Each entry below is to be transcribed exactly; pictures are not copied.

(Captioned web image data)
++++
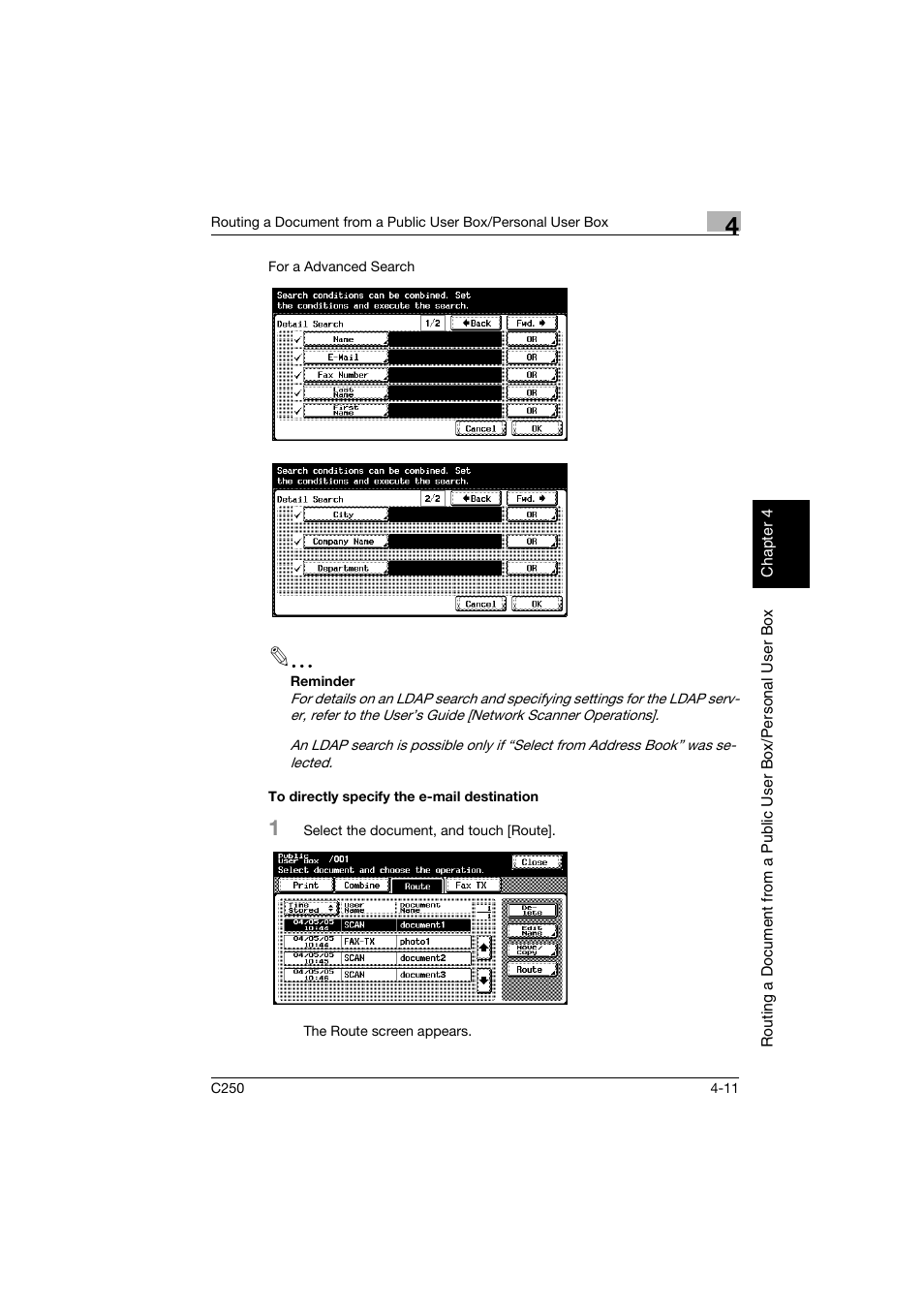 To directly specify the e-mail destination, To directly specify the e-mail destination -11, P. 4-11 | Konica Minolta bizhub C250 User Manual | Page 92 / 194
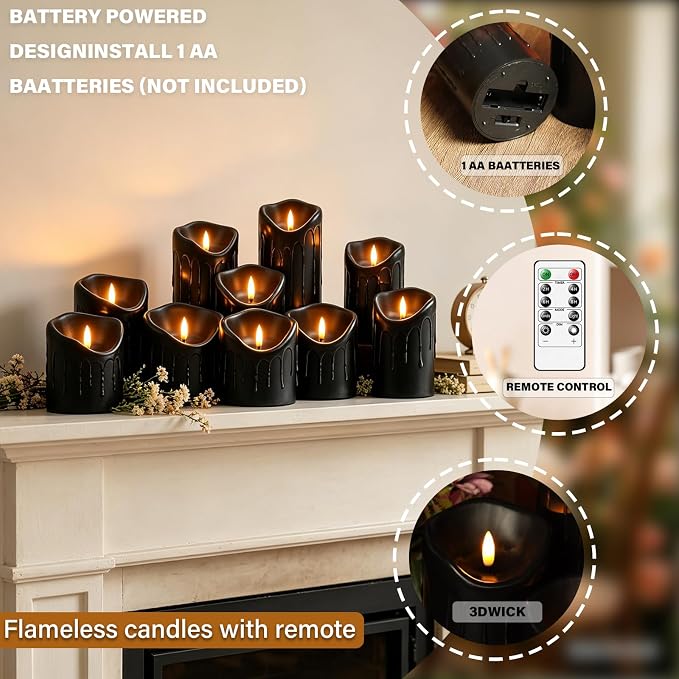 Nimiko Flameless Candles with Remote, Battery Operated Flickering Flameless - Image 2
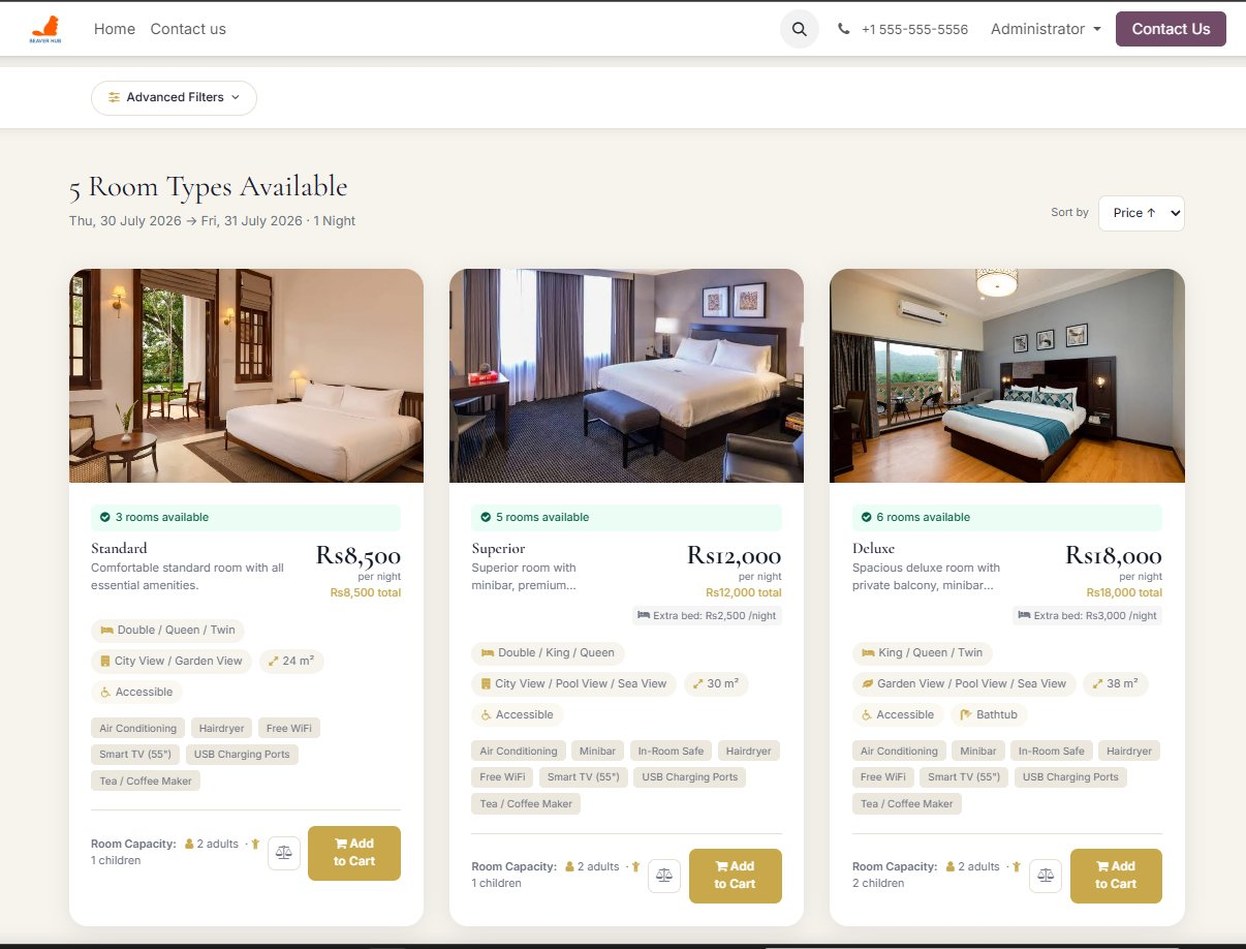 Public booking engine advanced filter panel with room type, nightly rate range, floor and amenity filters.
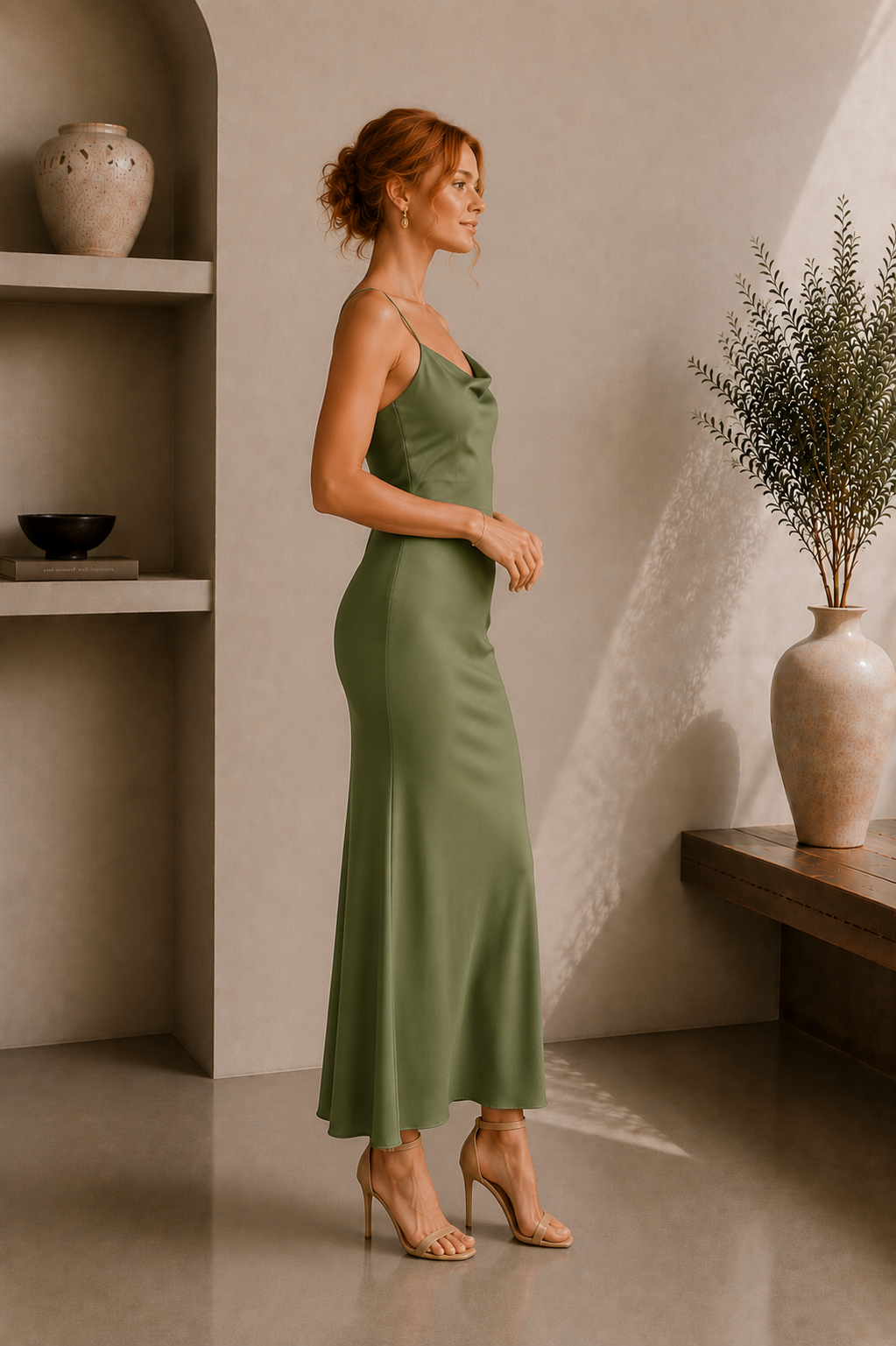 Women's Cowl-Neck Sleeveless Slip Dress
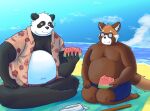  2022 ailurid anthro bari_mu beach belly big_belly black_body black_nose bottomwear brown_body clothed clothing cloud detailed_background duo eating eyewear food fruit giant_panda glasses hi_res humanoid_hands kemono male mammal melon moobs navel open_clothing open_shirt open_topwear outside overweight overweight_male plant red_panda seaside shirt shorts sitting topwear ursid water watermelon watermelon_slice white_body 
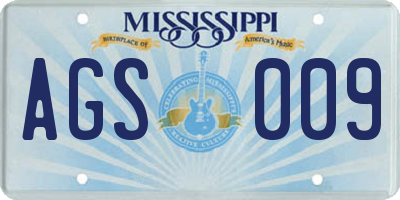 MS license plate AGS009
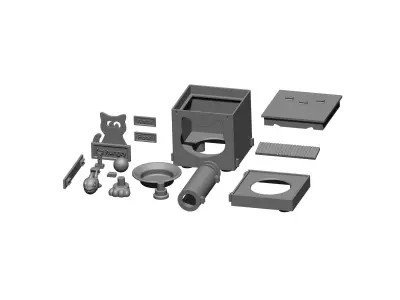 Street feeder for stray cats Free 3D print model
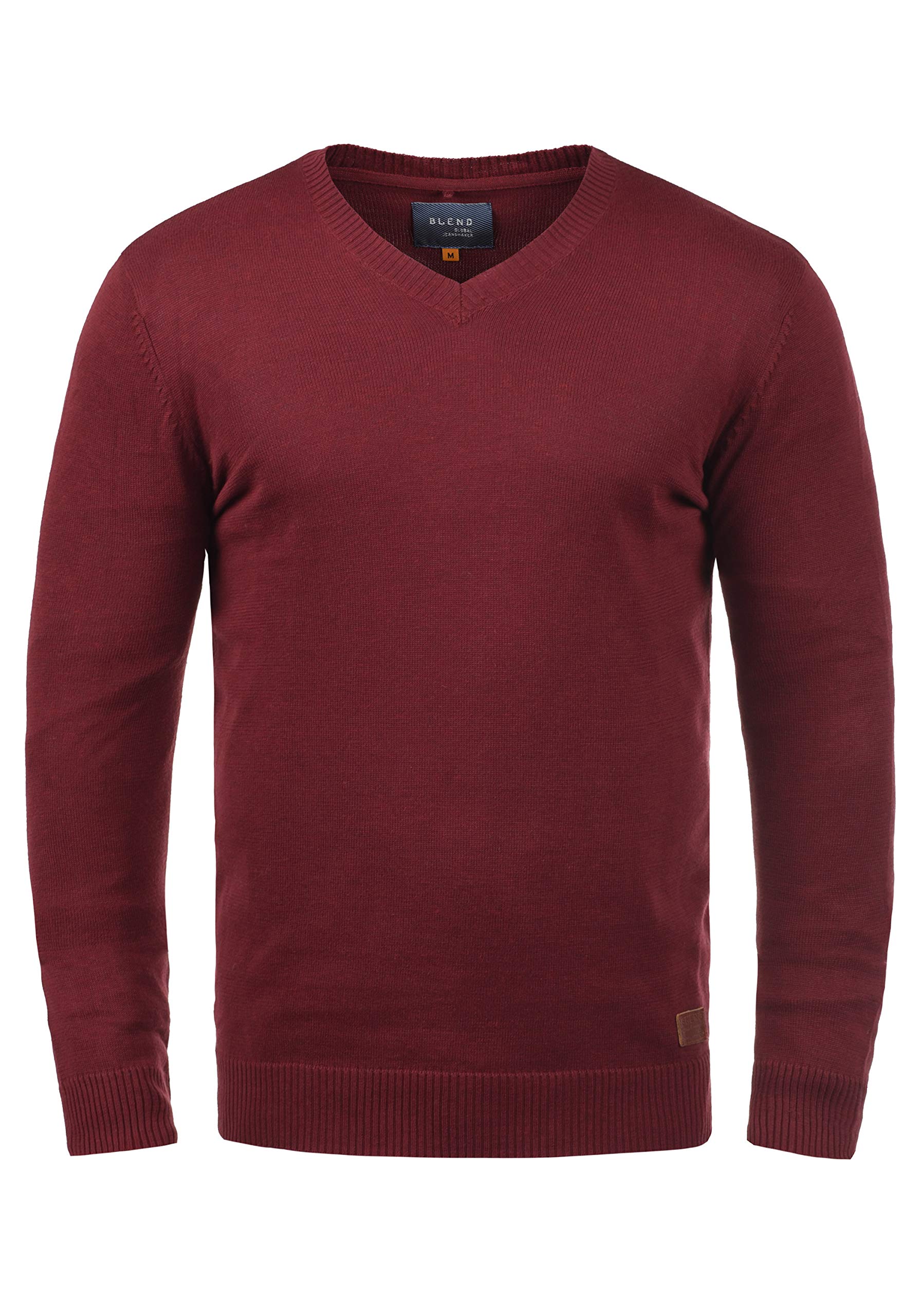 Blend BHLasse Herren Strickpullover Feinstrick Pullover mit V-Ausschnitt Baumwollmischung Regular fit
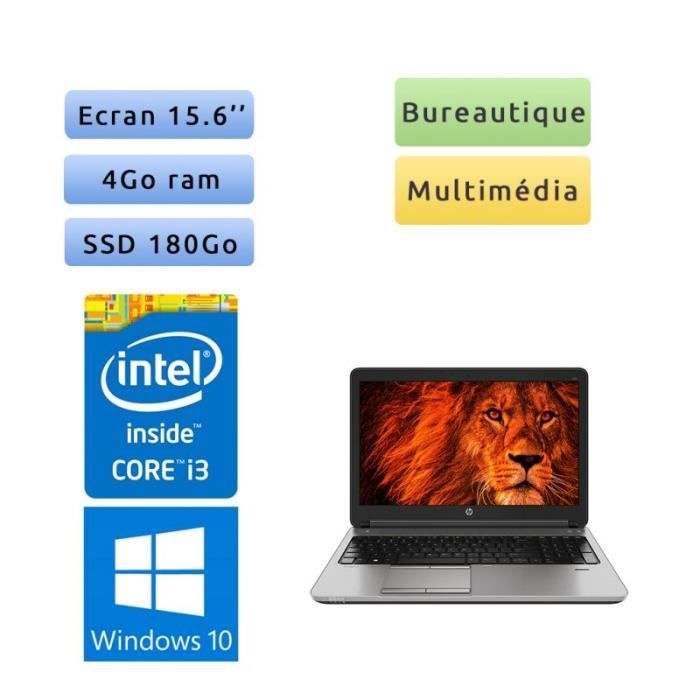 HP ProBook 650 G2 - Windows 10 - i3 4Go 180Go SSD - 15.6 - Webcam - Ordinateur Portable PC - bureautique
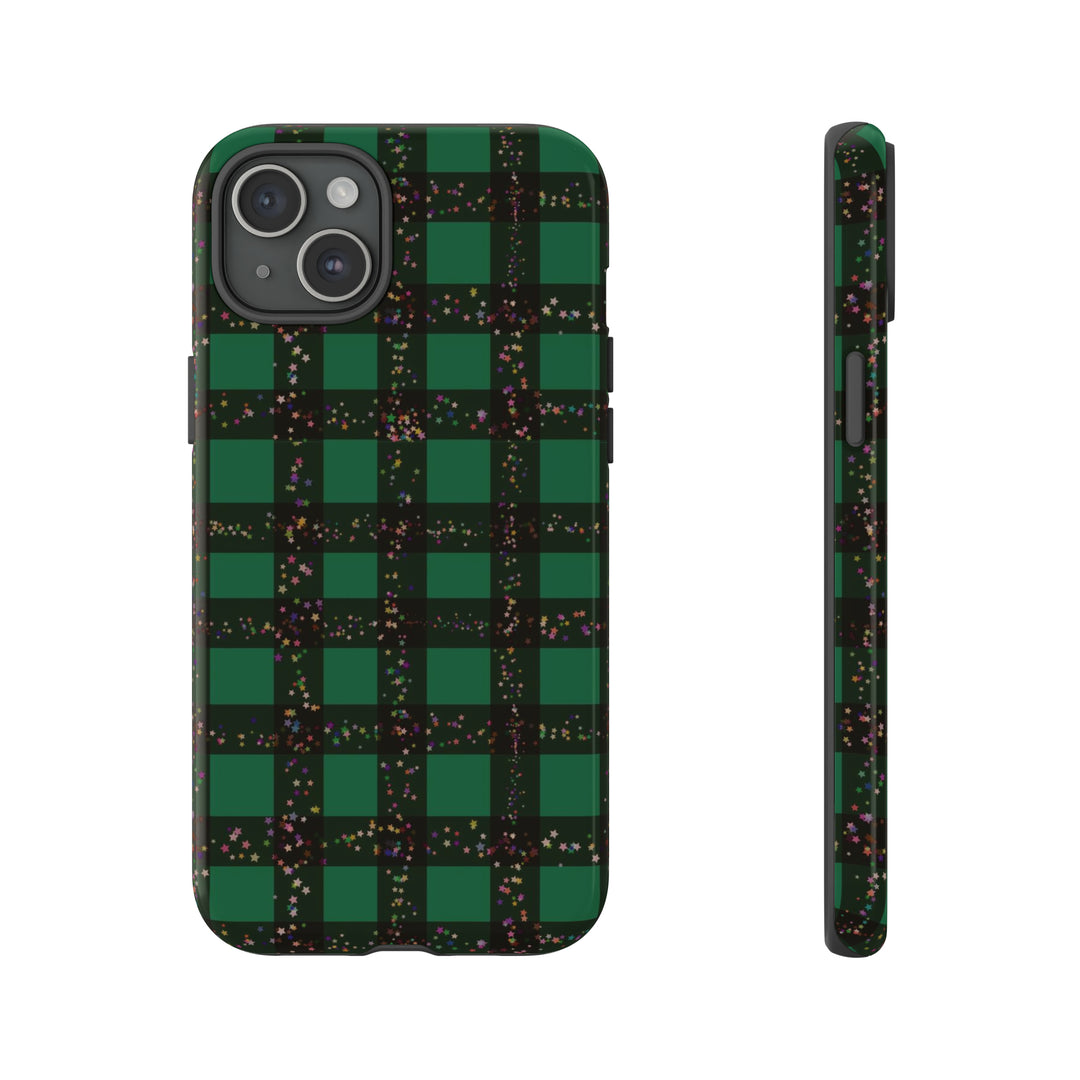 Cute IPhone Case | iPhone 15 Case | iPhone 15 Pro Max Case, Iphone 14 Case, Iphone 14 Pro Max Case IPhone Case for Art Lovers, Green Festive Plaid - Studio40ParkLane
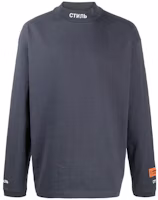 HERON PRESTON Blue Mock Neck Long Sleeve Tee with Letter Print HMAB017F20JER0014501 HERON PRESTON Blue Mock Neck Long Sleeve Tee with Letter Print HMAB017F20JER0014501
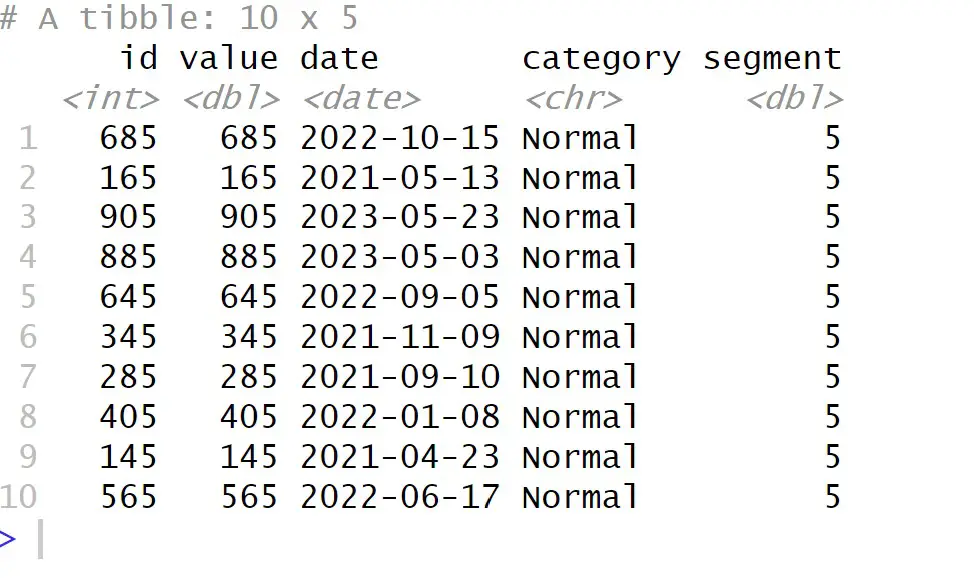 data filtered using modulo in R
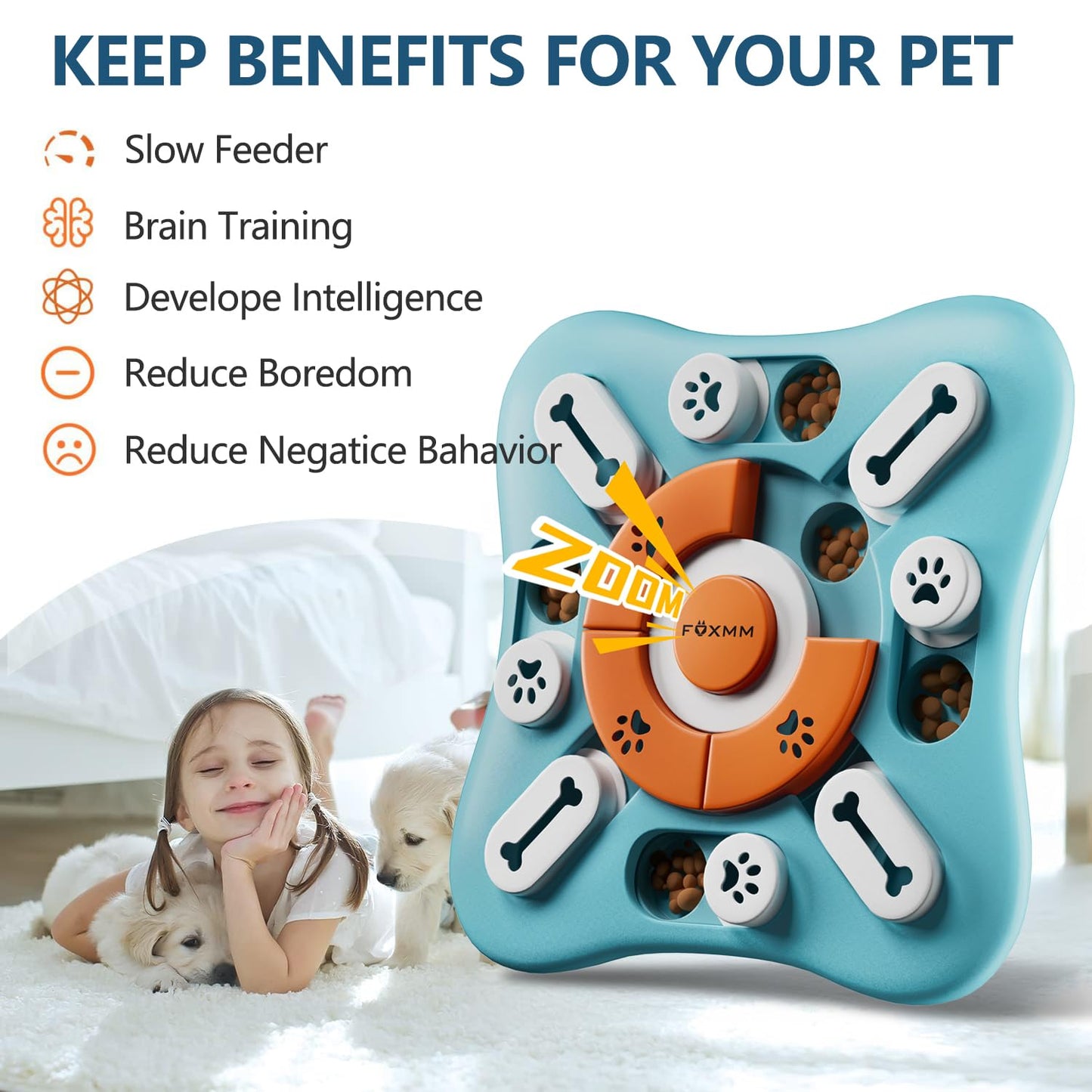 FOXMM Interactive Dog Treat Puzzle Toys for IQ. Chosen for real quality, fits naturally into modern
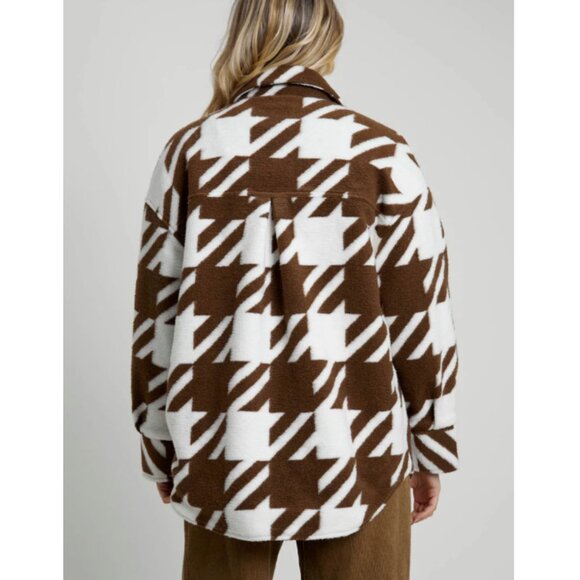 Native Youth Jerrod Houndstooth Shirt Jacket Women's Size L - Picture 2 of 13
++++
• Expected output
 To directly specify the e-mail destination, To directly specify the e-mail destination -11, P. 4-11 | Konica Minolta bizhub C250 User Manual | Page 92 / 194
 Nimiko Flameless Candles with Remote, Battery Operated Flickering Flameless - Image 2
 Public booking engine advanced filter panel with room type, nightly rate range, floor and amenity filters.
 Women's Cowl-Neck Sleeveless Slip Dress
  2022 ailurid anthro bari_mu beach belly big_belly black_body black_nose bottomwear brown_body clothed clothing cloud detailed_background duo eating eyewear food fruit giant_panda glasses hi_res humanoid_hands kemono male mammal melon moobs navel open_clothing open_shirt open_topwear outside overweight overweight_male plant red_panda seaside shirt shorts sitting topwear ursid water watermelon watermelon_slice white_body 
 MS license plate AGS009
 Street feeder for stray cats Free 3D print model
 Blend BHLasse Herren Strickpullover Feinstrick Pullover mit V-Ausschnitt Baumwollmischung Regular fit
 HP ProBook 650 G2 - Windows 10 - i3 4Go 180Go SSD - 15.6 - Webcam - Ordinateur Portable PC - bureautique
 Cute IPhone Case | iPhone 15 Case | iPhone 15 Pro Max Case, Iphone 14 Case, Iphone 14 Pro Max Case IPhone Case for Art Lovers, Green Festive Plaid - Studio40ParkLane
 HERON PRESTON Blue Mock Neck Long Sleeve Tee with Letter Print HMAB017F20JER0014501 HERON PRESTON Blue Mock Neck Long Sleeve Tee with Letter Print HMAB017F20JER0014501
 data filtered using modulo in R
 FOXMM Interactive Dog Treat Puzzle Toys for IQ. Chosen for real quality, fits naturally into modern
 Native Youth Jerrod Houndstooth Shirt Jacket Women's Size L - Picture 2 of 13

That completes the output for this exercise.